Les particularités du marché français selon Software AG

L’éditeur s’occupe davantage de déploiements en Allemagne et en Europe du Nord qu’en France. « Concernant l’IoT, la France a démarré un petit peu tard. Il y a beaucoup de pilotes, de maquettes, démonstrateurs, de calcul de ROI, etc. Mais en France, les gros appels d’offres nous les recevons en ce moment. Dans certains pays, ils sont déjà dans des phases de production. Les projets de grandes entreprises arrivent à maturité aujourd’hui », déclare le responsable.

« Concernant l’IoT, la France a démarré un petit peu tard. [...] En France, les gros appels d’offres nous les recevons en ce moment. »
Fabrice HuguesDirecteur technique et innovation, Software AG France

Selon lui, travailler avec de grands comptes implique des déploiements lourds. Il prend l’exemple de la robotisation d’une usine ou d’un parc d’usine pour un grand groupe international. De plus, la multiplication des protocoles réseau, et particulièrement l’émergence de la 5G, provoque une forme d’incertitude.

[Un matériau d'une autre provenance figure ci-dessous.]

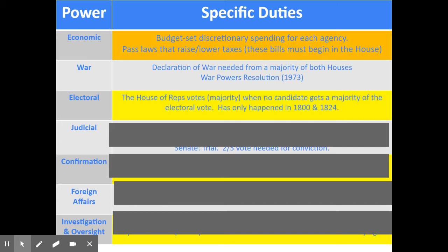The House of Representatives has electoral responsibilities. In a presidential election, it's not good enough to get more electoral votes than your opponent — you have to get a majority. And if no candidate gets a majority, the House of Representatives makes the decision. A majority vote would be needed to support a candidate and that person would be elected. This has only happened twice in our country's history: 1800 and 1824.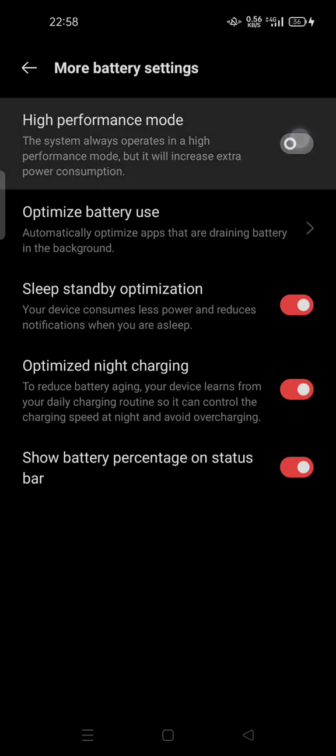You can turn this on and your phone will run at high performance. This will increase battery consumption and cause your phone to heat up, so you can purchase a cooler to help your phone keep cool and prevent overheating.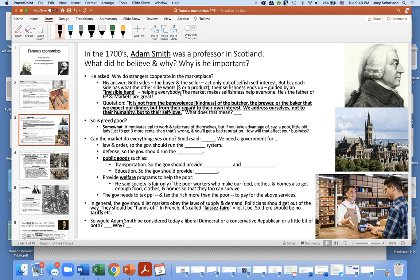The market makes selfishness help everyone. So Adam Smith is the father of the idea that markets are great. He wrote this famous line: 'It is not from the benevolence or kindness of the butcher, the brewer, or the baker that we expect our dinner, but from their regard to their own interest. We address ourselves not to their humanity, not to their kindness, but to their self-love.'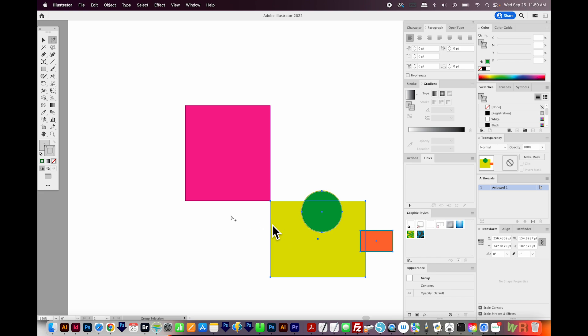I also have another video that uses this same technique to align the right side of an object with the left side of another. That'll be right up at the top of your screen if you want to check that out. And that's it — I hope this video is helpful for you. If you liked it and you want to see more videos like this, just click the Subscribe button, and I'll see you next week with another video. Thank you!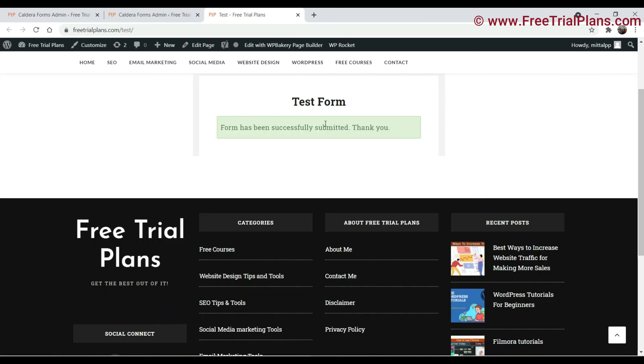Alright, so the form has been submitted. So this is how you can add the Google reCAPTCHA to the Caldera forms. Now in the next video, I will show you how to add Google reCAPTCHA to the WP Forms plugin. So see you in the next video.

« J’ai l’impression que tous les six mois – un an, il apparaît un nouveau protocole réseau. C’est assez excitant, et même temps, nous nous rendons compte que c’est un marché qui se cherche encore un peu. Sur certains des gros contrats, nos clients semblent un peu perdus de leur côté parce que la réalité en France en termes de réseau est très différente de ce qui est accessible en Australie sur les projets smart city », constate le dirigeant.

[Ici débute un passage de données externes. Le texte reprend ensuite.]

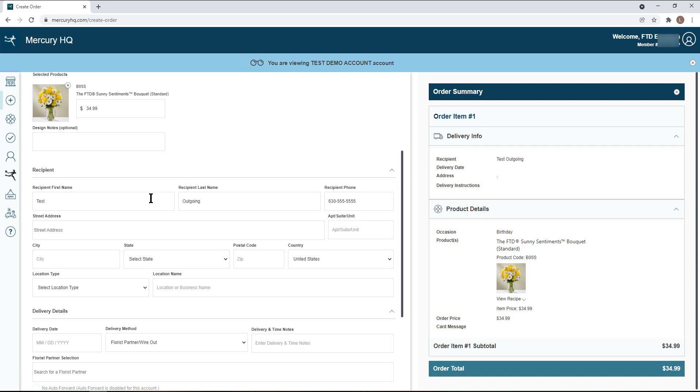As you type the address, verified suggestions will display to help you complete your selection.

Un autre problème freine la perception du marché hexagonal : « les clients français ne veulent pas communiquer ». Aujourd’hui, les projets sont souvent confidentiels pour des raisons concurrentielles.

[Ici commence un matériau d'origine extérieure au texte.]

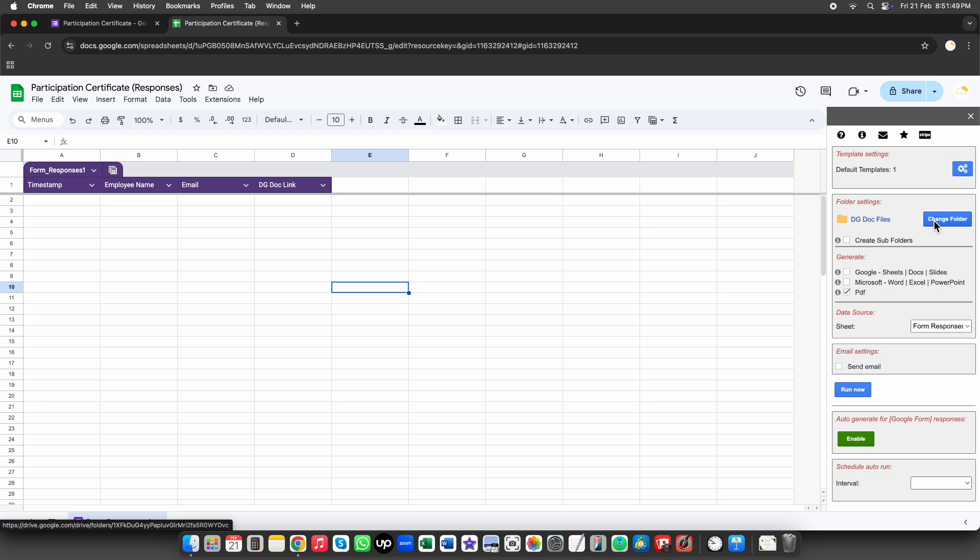You can change the destination folder by clicking this button. Additionally, you can use the subfolder feature to organize generated documents into specific folders based on tags. You can select your preferred output format from the available options. Let's go with PDF as the output format.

Fabrice Hugues perçoit deux tendances qui expliquent ce phénomène. « Il y a deux types de projets. Il y a d’abord celui qui joue le rôle de pilote qui a davantage vocation à convaincre de la pertinence de l’IoT en interne. Nous un avons un très gros client industriel avec qui nous déployons une solution pour du smart building. Il s’agit de savoir si les salles de réunion sont libres ou non, la température dans les pièces, etc. C’est avant tout un démonstrateur domotique et non de l’IIoT. Le deuxième type concerne des solutions clairement concurrentielles. Je pense à un sous-traitant aéronautique. Il ne veut absolument pas évoquer la manière dont il se sert de l’IoT pour gagner quelques pourcentages de marge, ce qui lui permet de baisser ses prix », affirme-t-il.

Une concurrence très active

La société dispose d’un autre relais de croissance : le fait de proposer Cumulocity en marque blanche. « Vodafone vend la plateforme sous son nom et Siemens embarque une partie de notre solution dans son offre IoT Mindsphere. Adamos, issu de notre joint-venture avec DMG Mori, Dür, Zeiss et ASM, propose Cumulocity IoT selon des conditions similaires », détaille Fabrice Hugues.

Cependant, le marché de l’IoT, et plus particulièrement des PaaS IoT, est soumis à une pression concurrentielle forte. Des acteurs du PLM comme PTC se sont lancés, tandis que les fournisseurs cloud AWS et Microsoft ont chacun une offre dédiée.

« Historiquement, la plateforme Cumulocity a été fondée par des spécialistes du réseau, des anciens de Nokia. Au contraire, beaucoup de nos compétiteurs viennent plutôt du monde du logiciel. Ces concurrents sont peut-être très bons dans la conception d’interfaces graphiques et dans la gestion de la donnée, mais pas forcément dans la gestion des capteurs. PTC fait de la device connectivity, mais pas de device management. Amazon et Microsoft sont arrivés très tard dans la partie Edge parce que le hardware ce n’est pas leur domaine », défend le directeur technique et innovation. « En tant qu’éditeur nous ajoutons des couches fonctionnelles avec WebMethods alors que certains sont partis du métier pour redescendre vers les couches réseau. Avec cette plateforme, nous sommes ancrés dans le monde industriel », conclut-il.